BEGIN THE DATA

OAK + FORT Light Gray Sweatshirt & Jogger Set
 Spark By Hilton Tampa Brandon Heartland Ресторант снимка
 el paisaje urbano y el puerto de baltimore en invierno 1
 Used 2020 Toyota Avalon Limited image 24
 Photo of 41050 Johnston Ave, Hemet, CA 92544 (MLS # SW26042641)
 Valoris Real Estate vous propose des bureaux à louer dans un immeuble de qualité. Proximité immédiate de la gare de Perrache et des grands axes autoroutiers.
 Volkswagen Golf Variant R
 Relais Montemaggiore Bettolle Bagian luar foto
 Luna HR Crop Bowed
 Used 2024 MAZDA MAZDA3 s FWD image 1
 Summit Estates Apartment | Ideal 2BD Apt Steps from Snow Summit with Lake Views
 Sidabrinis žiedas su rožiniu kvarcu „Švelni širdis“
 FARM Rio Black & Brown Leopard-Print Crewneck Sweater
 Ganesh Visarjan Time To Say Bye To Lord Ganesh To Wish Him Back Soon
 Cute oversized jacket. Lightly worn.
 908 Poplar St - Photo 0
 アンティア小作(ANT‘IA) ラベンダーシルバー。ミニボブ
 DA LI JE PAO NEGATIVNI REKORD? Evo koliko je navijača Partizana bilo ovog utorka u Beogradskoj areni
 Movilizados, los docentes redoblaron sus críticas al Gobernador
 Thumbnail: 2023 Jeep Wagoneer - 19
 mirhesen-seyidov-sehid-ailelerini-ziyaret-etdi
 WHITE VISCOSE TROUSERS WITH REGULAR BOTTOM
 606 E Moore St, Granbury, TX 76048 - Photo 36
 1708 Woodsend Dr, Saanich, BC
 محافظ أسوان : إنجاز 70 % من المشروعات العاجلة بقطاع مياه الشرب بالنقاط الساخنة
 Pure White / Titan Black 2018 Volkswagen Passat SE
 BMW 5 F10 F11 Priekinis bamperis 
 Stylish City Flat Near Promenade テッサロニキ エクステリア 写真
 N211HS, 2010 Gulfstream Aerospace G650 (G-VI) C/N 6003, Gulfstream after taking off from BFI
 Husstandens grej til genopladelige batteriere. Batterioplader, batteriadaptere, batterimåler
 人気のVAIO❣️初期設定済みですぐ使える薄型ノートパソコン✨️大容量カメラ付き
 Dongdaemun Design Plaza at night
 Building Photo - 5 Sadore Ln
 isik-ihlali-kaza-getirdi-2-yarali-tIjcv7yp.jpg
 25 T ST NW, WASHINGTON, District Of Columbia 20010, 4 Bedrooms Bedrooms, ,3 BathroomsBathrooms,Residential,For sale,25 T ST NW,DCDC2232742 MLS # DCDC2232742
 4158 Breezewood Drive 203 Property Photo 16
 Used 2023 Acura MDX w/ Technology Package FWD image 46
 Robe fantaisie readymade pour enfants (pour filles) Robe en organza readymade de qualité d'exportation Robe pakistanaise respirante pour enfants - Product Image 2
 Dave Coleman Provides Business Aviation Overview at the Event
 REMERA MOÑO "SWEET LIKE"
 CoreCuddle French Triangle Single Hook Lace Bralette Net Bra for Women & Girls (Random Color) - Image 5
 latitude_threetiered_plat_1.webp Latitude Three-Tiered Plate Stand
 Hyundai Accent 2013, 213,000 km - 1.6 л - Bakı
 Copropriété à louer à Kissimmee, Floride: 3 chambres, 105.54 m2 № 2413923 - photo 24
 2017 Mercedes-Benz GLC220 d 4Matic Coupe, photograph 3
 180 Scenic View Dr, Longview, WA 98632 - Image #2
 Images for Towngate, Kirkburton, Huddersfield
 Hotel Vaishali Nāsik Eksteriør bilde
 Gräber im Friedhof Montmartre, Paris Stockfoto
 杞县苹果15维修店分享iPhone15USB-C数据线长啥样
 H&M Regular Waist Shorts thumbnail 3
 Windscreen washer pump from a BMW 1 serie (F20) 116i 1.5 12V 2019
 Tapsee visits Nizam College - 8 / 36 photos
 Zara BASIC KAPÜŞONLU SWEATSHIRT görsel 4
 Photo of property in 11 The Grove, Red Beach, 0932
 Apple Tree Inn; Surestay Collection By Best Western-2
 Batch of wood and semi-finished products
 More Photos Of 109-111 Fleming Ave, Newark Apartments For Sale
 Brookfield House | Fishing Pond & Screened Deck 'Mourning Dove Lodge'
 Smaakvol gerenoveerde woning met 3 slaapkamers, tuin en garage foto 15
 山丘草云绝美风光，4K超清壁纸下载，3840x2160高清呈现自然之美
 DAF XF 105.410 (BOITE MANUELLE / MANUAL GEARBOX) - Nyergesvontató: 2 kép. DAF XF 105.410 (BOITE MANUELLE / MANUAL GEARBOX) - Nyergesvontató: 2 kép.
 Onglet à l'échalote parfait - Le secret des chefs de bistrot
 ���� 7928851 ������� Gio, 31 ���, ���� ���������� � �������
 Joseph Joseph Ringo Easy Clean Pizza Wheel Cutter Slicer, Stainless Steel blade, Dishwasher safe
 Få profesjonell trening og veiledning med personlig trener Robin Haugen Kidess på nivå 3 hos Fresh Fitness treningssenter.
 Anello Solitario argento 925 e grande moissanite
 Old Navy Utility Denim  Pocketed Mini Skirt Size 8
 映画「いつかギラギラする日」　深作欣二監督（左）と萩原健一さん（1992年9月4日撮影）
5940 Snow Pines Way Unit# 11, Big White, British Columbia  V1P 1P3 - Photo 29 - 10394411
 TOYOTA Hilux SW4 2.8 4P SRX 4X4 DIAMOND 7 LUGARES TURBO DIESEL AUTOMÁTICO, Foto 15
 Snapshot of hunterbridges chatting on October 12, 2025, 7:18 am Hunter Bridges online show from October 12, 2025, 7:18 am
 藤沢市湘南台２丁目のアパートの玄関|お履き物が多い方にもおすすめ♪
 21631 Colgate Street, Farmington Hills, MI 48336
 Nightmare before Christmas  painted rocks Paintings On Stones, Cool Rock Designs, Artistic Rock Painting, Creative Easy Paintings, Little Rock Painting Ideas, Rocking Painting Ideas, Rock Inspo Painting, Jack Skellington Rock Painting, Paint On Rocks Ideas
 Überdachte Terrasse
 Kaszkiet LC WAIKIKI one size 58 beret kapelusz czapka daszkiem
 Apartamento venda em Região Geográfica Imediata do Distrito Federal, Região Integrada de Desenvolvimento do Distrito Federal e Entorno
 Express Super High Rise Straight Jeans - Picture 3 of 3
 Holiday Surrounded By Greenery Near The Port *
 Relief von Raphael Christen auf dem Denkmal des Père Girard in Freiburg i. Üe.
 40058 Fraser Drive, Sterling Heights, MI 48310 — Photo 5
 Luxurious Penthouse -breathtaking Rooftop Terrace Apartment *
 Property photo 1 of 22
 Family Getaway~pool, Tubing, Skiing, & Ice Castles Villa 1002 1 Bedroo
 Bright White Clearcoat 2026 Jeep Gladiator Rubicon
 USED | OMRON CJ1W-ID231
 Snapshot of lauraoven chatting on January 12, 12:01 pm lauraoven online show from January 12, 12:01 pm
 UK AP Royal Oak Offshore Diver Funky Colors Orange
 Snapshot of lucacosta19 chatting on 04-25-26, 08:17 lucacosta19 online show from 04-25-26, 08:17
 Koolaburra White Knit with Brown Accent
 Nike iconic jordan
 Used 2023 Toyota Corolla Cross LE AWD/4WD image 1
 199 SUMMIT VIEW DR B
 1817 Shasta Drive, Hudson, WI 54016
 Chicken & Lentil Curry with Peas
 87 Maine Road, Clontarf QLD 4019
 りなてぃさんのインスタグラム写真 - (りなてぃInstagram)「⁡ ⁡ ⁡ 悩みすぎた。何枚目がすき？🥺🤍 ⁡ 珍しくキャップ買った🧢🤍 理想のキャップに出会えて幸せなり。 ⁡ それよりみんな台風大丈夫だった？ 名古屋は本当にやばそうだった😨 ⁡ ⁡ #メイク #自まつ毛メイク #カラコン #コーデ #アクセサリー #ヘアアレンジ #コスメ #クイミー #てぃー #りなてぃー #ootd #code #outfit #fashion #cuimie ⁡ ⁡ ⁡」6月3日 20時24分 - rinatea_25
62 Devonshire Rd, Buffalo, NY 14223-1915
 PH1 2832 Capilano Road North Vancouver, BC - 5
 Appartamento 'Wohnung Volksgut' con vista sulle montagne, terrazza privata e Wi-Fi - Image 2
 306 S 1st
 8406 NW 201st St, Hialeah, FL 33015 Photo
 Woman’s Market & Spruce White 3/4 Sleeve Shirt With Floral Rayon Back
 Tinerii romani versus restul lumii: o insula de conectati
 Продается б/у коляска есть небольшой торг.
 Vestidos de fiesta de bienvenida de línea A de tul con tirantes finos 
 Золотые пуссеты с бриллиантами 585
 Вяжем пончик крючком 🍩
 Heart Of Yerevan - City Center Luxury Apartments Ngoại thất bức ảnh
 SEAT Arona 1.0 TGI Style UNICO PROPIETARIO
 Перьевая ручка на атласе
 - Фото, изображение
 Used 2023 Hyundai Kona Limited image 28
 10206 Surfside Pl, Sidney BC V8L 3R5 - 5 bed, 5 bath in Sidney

END THE DATA

| TASK REQUIREMENTS |
Using the listing above, return word for word each line from the one that has "藤沢市湘南台２丁目のアパートの玄関|お履き物が多い方にもおすすめ♪" through the one that has "Snapshot of lauraoven", and no line outside that range.

| ANSWER AREA |
 藤沢市湘南台２丁目のアパートの玄関|お履き物が多い方にもおすすめ♪
 21631 Colgate Street, Farmington Hills, MI 48336
 Nightmare before Christmas  painted rocks Paintings On Stones, Cool Rock Designs, Artistic Rock Painting, Creative Easy Paintings, Little Rock Painting Ideas, Rocking Painting Ideas, Rock Inspo Painting, Jack Skellington Rock Painting, Paint On Rocks Ideas
 Überdachte Terrasse
 Kaszkiet LC WAIKIKI one size 58 beret kapelusz czapka daszkiem
 Apartamento venda em Região Geográfica Imediata do Distrito Federal, Região Integrada de Desenvolvimento do Distrito Federal e Entorno
 Express Super High Rise Straight Jeans - Picture 3 of 3
 Holiday Surrounded By Greenery Near The Port *
 Relief von Raphael Christen auf dem Denkmal des Père Girard in Freiburg i. Üe.
 40058 Fraser Drive, Sterling Heights, MI 48310 — Photo 5
 Luxurious Penthouse -breathtaking Rooftop Terrace Apartment *
 Property photo 1 of 22
 Family Getaway~pool, Tubing, Skiing, & Ice Castles Villa 1002 1 Bedroo
 Bright White Clearcoat 2026 Jeep Gladiator Rubicon
 USED | OMRON CJ1W-ID231
 Snapshot of lauraoven chatting on January 12, 12:01 pm lauraoven online show from January 12, 12:01 pm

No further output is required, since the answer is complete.